Contra eso va el instinto erótico y, por supuesto, el erotismo ejercido como cultura. Todo ser es único, insustituible, prodigioso, sagrado. Todo ser es insustituible a condición de que se le sustituya. Si se le entroniza se vuelve intocable, sacral, mítico, se despersonaliza y cobra el carácter dictatorial de lo óptimo, de que hablábamos antes, el carácter tiránico de lo mejor. Lo mejor no existe y a un ser se le exorciza con otro, como sabe cualquier muchachita que llora amores hasta que otro amor viene a secarle el llanto. Esta sabiduría elemental de la gente responde a una verdad profunda. El carácter absoluto, y por lo tanto diabólico, que puede cobrar un ser, sólo se exorciza con otro ser. El erotismo es un humanismo. Nos hemos preguntado antes si el erotismo es un elitismo, si el erotismo es un conservatismo. No son preguntas de hueca trascendencia, sino trucos para ir confrontando el erotismo con una serie de nociones culturales y obtener algo de esa confrontación.
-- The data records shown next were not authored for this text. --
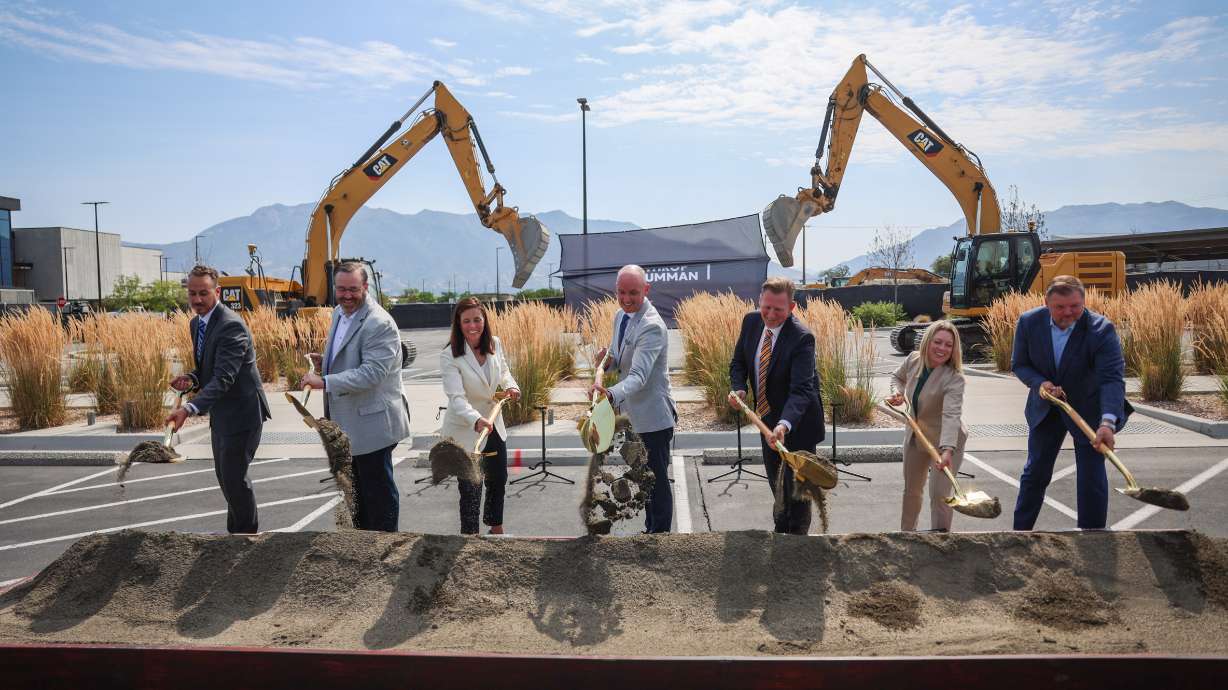 Gov. Spencer Cox and others pose with construction machinery during the Roy Innovation Center Legacy Building groundbreaking in Roy on Tuesday. A Northrop Grumman official said the Sentinel nuclear defense system is moving ahead with plans for flight tests next year.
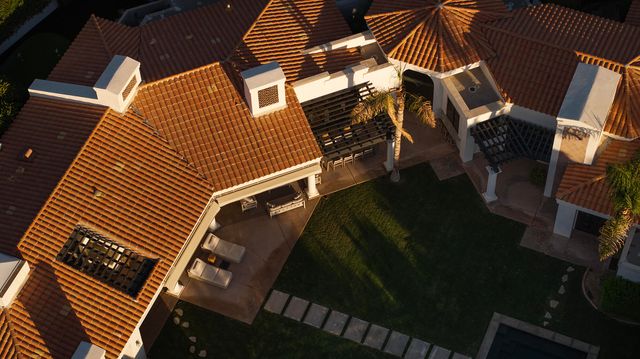 an aerial view of a house with a garden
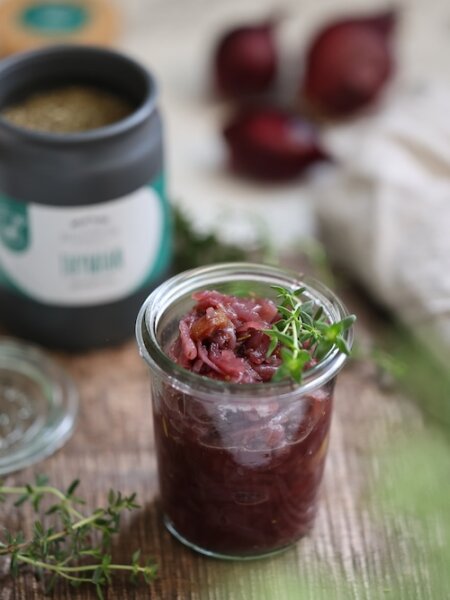 Karamellisierte Zwiebelmarmelade mit frischen Feigen, gewürzt mit BioLotta Rosmarin und Thymian, in Gläsern abgefüllt – perfekt zu Käse oder als Geschenkidee.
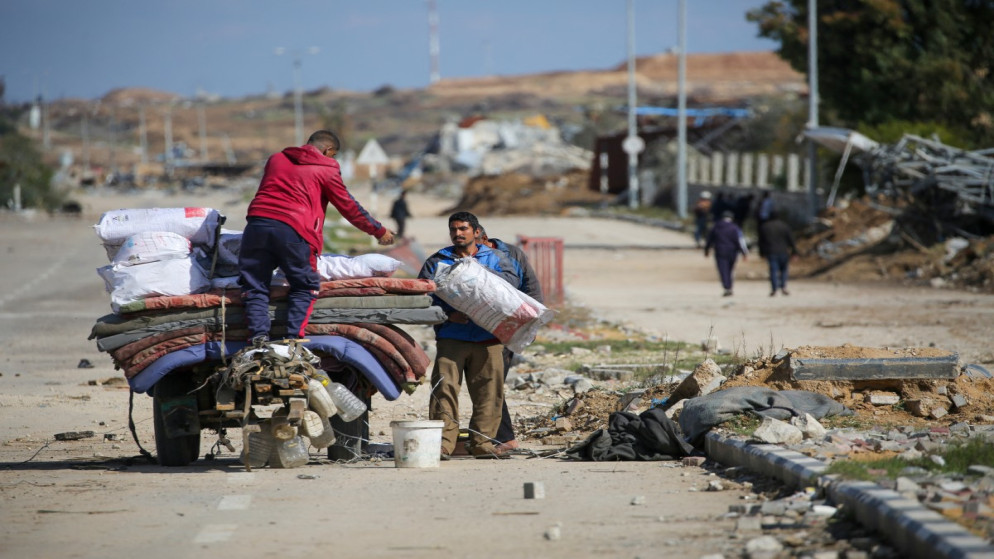 فلسطينيون نازحون بالقرب من حاجز في شارع صلاح الدين بالنصيرات، 25 يناير 2025. (أ ف ب)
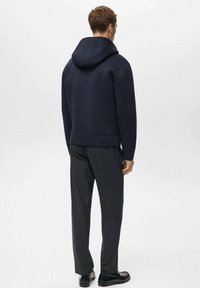 Sudadera con capucha de color azul marino con un acabado texturizado, combinada con pantalones a medida de color gris oscuro y zapatos negros. Enfoque en líneas limpias y diseño minimalista.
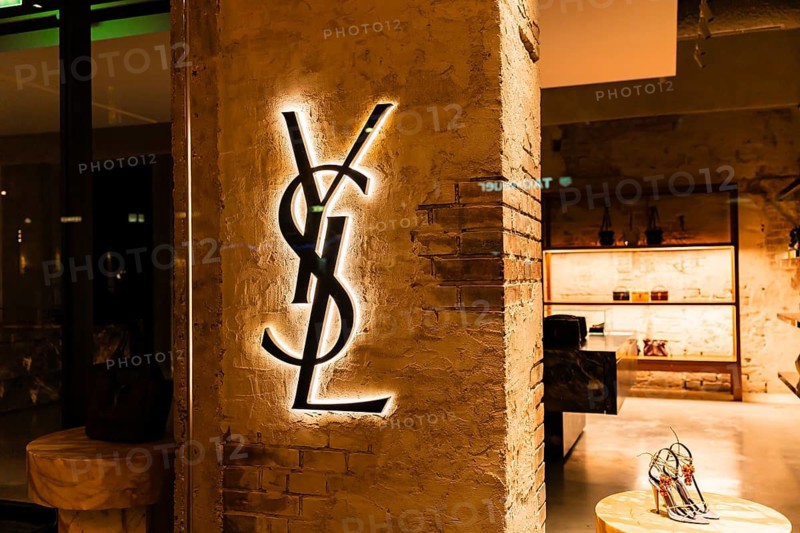 Vienna, Austria - 15 December, 2025: Illuminated YSL logo on a textured wall in Vienna, Austria. The logo is prominently displayed, showcasing the brands iconic design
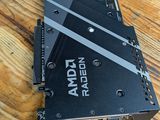 a close up of a video card sitting on top of a wooden table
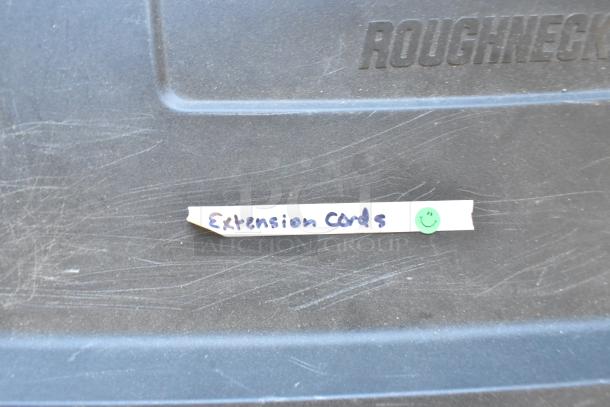 Poly bin filled with various extension cords, labeled "Extension Cords" with a smiley face sticker, minor scratches visible.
Ahora podríamos preguntarnos —o afirmar ya— que el erotismo es un socialismo y es un humanismo. (El socialismo en sí es un humanismo.) El erotismo es un socialismo en cuanto que, como decimos más arriba, patrocina el mestizaje social. De este mestizaje cultural, ideológico, sentimental, ha de salir sin duda, una nueva conciencia social. (No nos ocupamos ahora para nada, naturalmente, de la progenie resultante de esas posibles uniones «desiguales», porque el tema, aunque muy interesante, requiere un tratamiento étnico que en absoluto es ni puede ser el nuestro).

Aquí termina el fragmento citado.